Aren't CO2 tanks measured by weight of containing gas, so by definition a 5# CO2 can will hold 5lbs of CO2.


----------



## Mathias1324 (Jan 28, 2013)

gus6464 said:


> Aren't CO2 tanks measured by weight of containing gas, so by definition a 5# CO2 can will hold 5lbs of CO2.


Yeah it will hold 5lbs of liquid but I don't think you're supposed to fill it all the way because you're supposed to leave room for the gas to expand as it warms. I think so anyway. I was looking at this chart for the co2 pressure/temp/fill % relationship and even at 100% fill the pressures don't go above 1000psi at 80F. But I've seen people post on here that their regs are reading 1500psi and up at room temp on an overfilled tank. Idk. Maybe I'm just worrying for nothing, especially since I don't even know what the pressure is yet, but I'd like to sort this out for peace of mind.


----------



## PlantedTankRookie (Feb 21, 2013)

Most tanks have a pressure relief so worst case is the cylinder vents a little if the pressure is too high. The "minimum blow out" pressure is likely the relief lift point.
Also, the test pressure on these cylinders includes a decent safety margin so I wouldn't worry about it.
I'd get a little nervous if I saw 2000 lbs on my gage but I doubt you'll see that.


----------



## PlantedTankRookie (Feb 21, 2013)

A quick google search shows typical test pressure of 3000 psi.


----------



## Bluek24a4 (Mar 16, 2010)

Your 5 pound tank is filled with 4.3 pounds of CO2. It seems like you're underfilled.
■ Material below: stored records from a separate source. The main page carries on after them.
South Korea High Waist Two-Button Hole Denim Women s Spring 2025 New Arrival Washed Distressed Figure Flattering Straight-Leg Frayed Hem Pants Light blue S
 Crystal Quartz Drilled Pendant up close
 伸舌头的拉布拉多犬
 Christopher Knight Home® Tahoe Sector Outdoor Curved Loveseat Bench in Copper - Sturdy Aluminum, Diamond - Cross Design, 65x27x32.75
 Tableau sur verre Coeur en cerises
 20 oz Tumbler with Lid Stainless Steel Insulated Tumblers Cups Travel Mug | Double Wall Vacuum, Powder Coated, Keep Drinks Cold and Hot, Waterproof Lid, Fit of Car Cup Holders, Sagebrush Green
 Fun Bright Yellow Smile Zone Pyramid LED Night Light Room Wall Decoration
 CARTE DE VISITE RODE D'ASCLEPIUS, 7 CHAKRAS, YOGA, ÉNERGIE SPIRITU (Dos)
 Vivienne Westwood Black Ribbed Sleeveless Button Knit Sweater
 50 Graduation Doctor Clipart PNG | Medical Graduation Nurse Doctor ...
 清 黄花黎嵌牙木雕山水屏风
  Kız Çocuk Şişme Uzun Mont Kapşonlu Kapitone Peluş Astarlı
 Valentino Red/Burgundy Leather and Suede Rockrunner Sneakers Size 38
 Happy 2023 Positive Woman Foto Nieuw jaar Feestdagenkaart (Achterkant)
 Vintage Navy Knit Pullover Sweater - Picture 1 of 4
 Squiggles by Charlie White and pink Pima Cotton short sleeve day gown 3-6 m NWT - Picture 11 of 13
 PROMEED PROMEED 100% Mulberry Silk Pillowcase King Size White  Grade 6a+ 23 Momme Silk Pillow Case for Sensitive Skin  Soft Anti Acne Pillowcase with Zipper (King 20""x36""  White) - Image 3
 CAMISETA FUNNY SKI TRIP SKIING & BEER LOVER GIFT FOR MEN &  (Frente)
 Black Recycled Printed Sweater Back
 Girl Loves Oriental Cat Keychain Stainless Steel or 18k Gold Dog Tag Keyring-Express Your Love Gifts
You should be fine. Maybe he meant he couldn't get the pressure up on the fill station and thus it couldn't fully fill your cannister.


----------



## Bandit1200 (Dec 11, 2010)

When I get my co2 filled in the summer, I always ice it down on the way to the shop. Depending on the temps, I've gotten as little as 2lbs before I started doing this.


----------



## Mathias1324 (Jan 28, 2013)

Well, there I go worrying for nothing lol. She's all set up and running smooth. Gauge reads 875 on the high and the tank's been sitting for about 7 hours, so it should be around room temp. Crap, I always switch to panic mode too fast haha. Thanks for all the replies.


----------



## exv152 (Jun 8, 2009)

Ambient temperature is definitely key, but at room temperature roughly 72degrees, here's an approx chart for tank weights full and empty.


----------



## gus6464 (Dec 19, 2011)

exv152 said:


> Ambient temperature is definitely key, but at room temperature roughly 72degrees, here's an approx chart for tank weights full and empty.


Nice guide! So for 99% of people a 5# tank should contain 5# of co2 when full.


----------